[Short descriptive text snippets]
· · · · · · ·

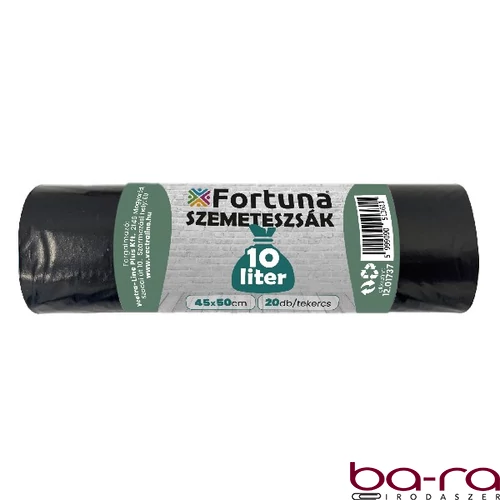 Szemeteszsák FORTUNA 10L pipere fekete 45x50 cm 20 darabos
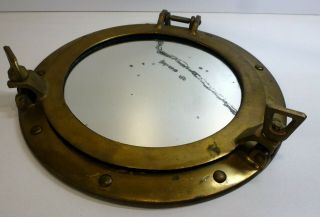 12 " Vintage Brass Ships Porthole Mirror - Retro Upcycled Maritime Decor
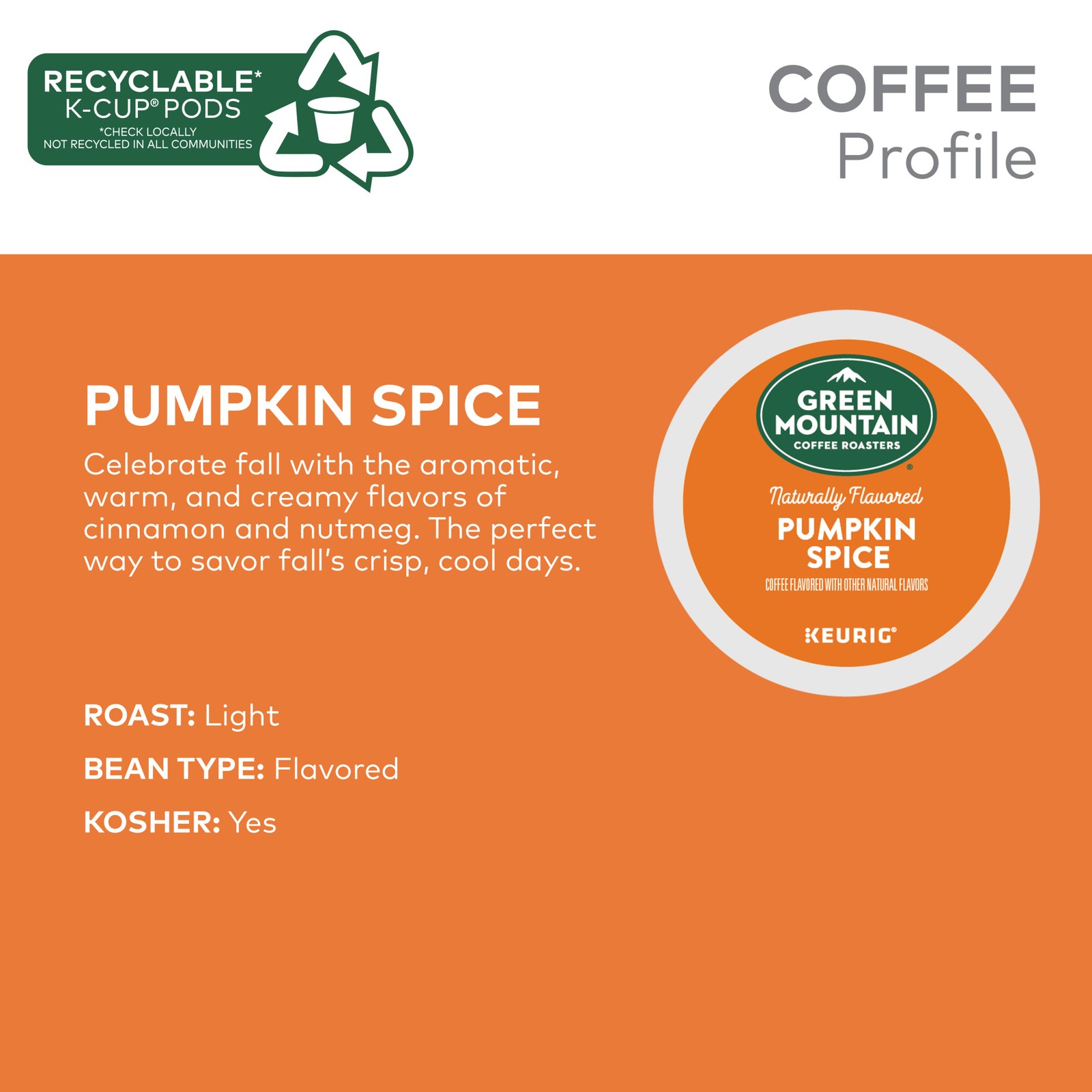Green Mountain Coffee, Pumpkin Spice, K-Cup Pods, Light Roast Coffee, 72 Count gallery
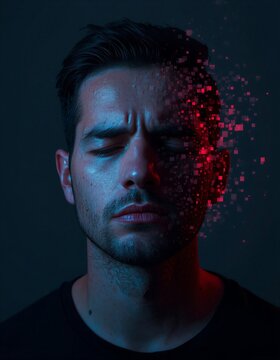 Human Face Dissolving into Digital Pixels Representing Technology Stress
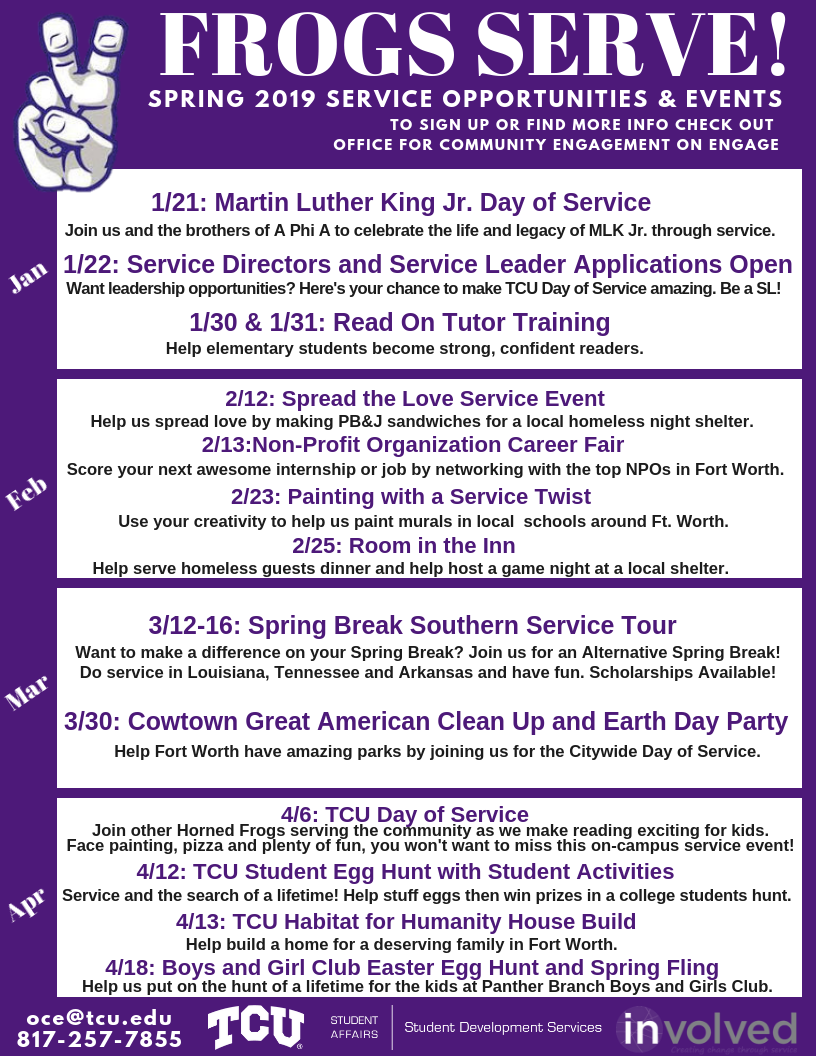 Spring Semester Service Events 2019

· · · · · · ·

§ BRIEF
Repeat the data in full, exactly as it stands, but drop every picture.

§ EXPECTED ANSWER
 Szemeteszsák FORTUNA 10L pipere fekete 45x50 cm 20 darabos
 12 " Vintage Brass Ships Porthole Mirror - Retro Upcycled Maritime Decor
Green Mountain Coffee, Pumpkin Spice, K-Cup Pods, Light Roast Coffee, 72 Count gallery
 Human Face Dissolving into Digital Pixels Representing Technology Stress
 Spring Semester Service Events 2019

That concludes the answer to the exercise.